Jurusan Desain Interior

Jurusan Desain Interior: Peluang, Tantangan, dan Skill yang Harus Kamu Siapkan!

Jurusan Desain Interior – Pernah nggak sih kamu kagum lihat ruangan yang tertata rapi, estetik, dan punya nuansa yang bikin betah? Kalau iya, bisa jadi kamu punya jiwa desain interior! Tapi… sebelum kamu yakin mau kuliah di jurusan ini, yuk kita bahas bareng-bareng semua seluk-beluknya — mulai dari apa itu desain interior, skill yang dibutuhkan, sampai peluang kariernya.

Artikel ini disusun biar kamu benar-benar ngerti dunia desain interior dari berbagai sisi — bukan cuma dari “tampilan luar”, tapi juga dari value dan real impact di dunia profesional.


Apa Itu Jurusan Desain Interior?

Desain interior bukan sekadar menata ruangan supaya kelihatan cantik. Jurusan ini mengajarkan kamu bagaimana memadukan fungsi, estetika, dan kenyamanan ruang dengan mempertimbangkan karakter pengguna, pencahayaan, material, dan bahkan psikologi warna.
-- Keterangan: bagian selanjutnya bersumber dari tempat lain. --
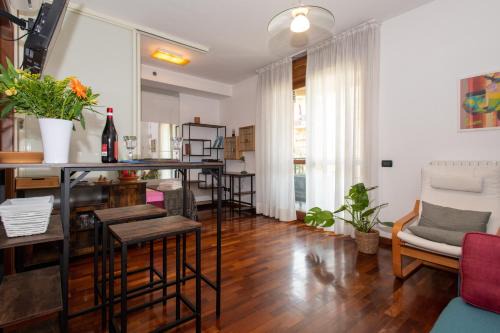 Stadera Apartment | 10 minutes Duomo-Elegant apt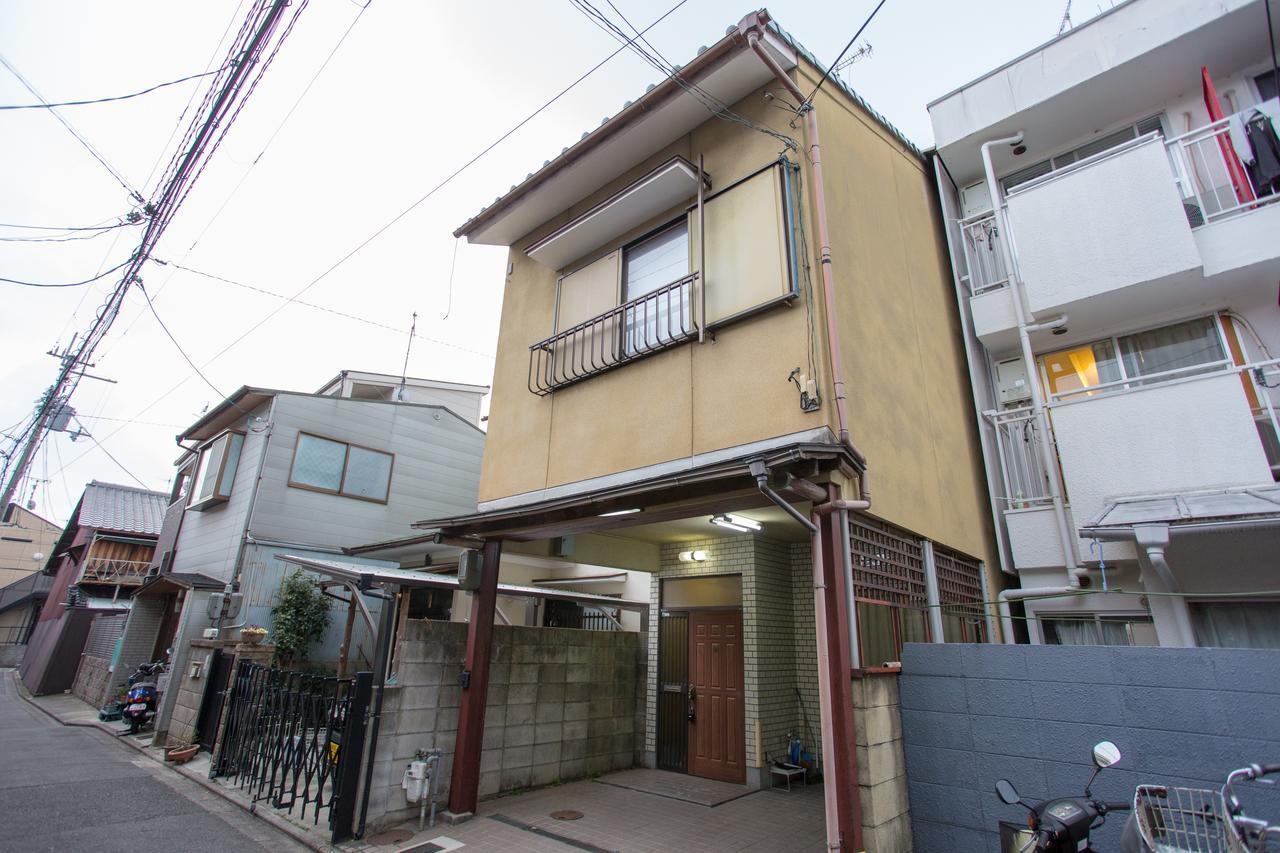 Center House Next To Subway Station Holiday home *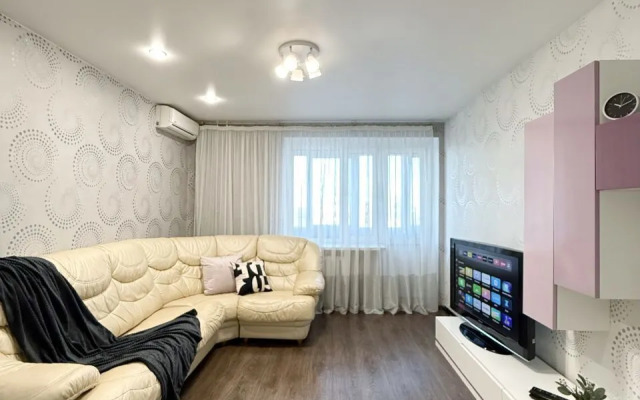 Flat V Cpokoynom I Tixom Pajone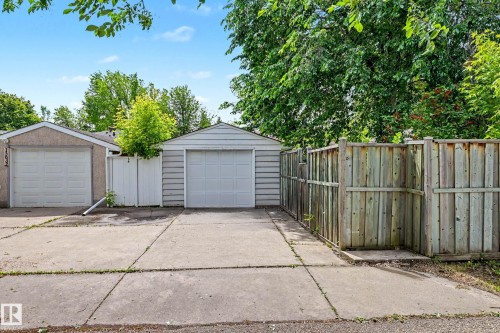 13636 122 Ave. Nw, Edmonton, AB 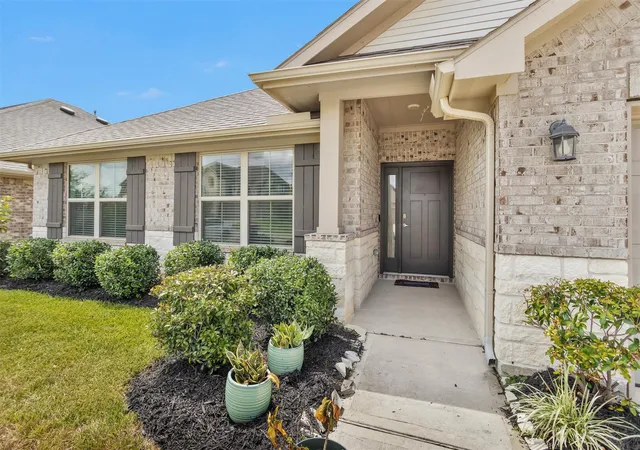Photo 2 of Single family home for sale at 2618 Matterhorn Mist Dr, Rosharon, TX 77583 | MLS# 53008050 | Listing updated on 2026-09-14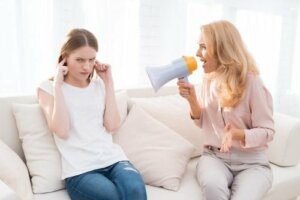 怒鳴ることで子供に与えてしまう5つの長期的な影響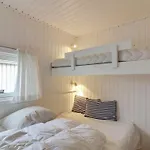 Rutha - 45m From The Sea By Interhome
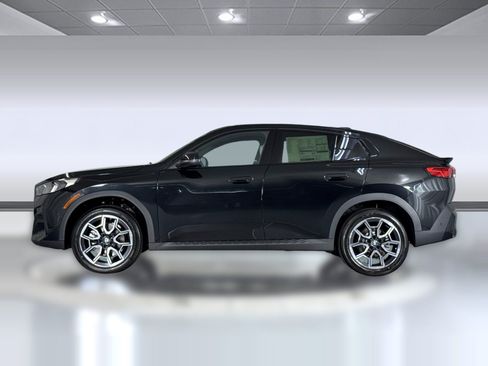 New 2026 BMW X2 xDrive28i w/ Convenience Package AWD/4WD image 2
Menurut Department of Architecture and Interior Design, Politecnico di Milano (Lombardi, 2022), desain interior adalah proses menciptakan ruang yang memadukan elemen arsitektur dengan perilaku manusia agar tercipta keseimbangan antara fungsi dan keindahan. Jadi, kamu nggak cuma belajar seni dan dekorasi, tapi juga science behind the space.

Di Indonesia sendiri, jurusan ini tersedia di banyak universitas ternama seperti Institut Teknologi Bandung (ITB), Universitas Tarumanagara (UNTAR), dan Universitas Pelita Harapan (UPH). Masing-masing punya fokus dan pendekatan yang sedikit berbeda — ada yang lebih artistik, ada juga yang lebih teknis dan arsitektural (Wicaksono, 2023).


Apa yang Akan Kamu Pelajari di Jurusan Desain Interior?

Kalau kamu masuk jurusan ini, siap-siap deh buat belajar banyak hal seru dan menantang! Nggak cuma menggambar atau membuat sketsa, tapi juga mempelajari aspek teknis, ergonomi, bahkan manajemen proyek.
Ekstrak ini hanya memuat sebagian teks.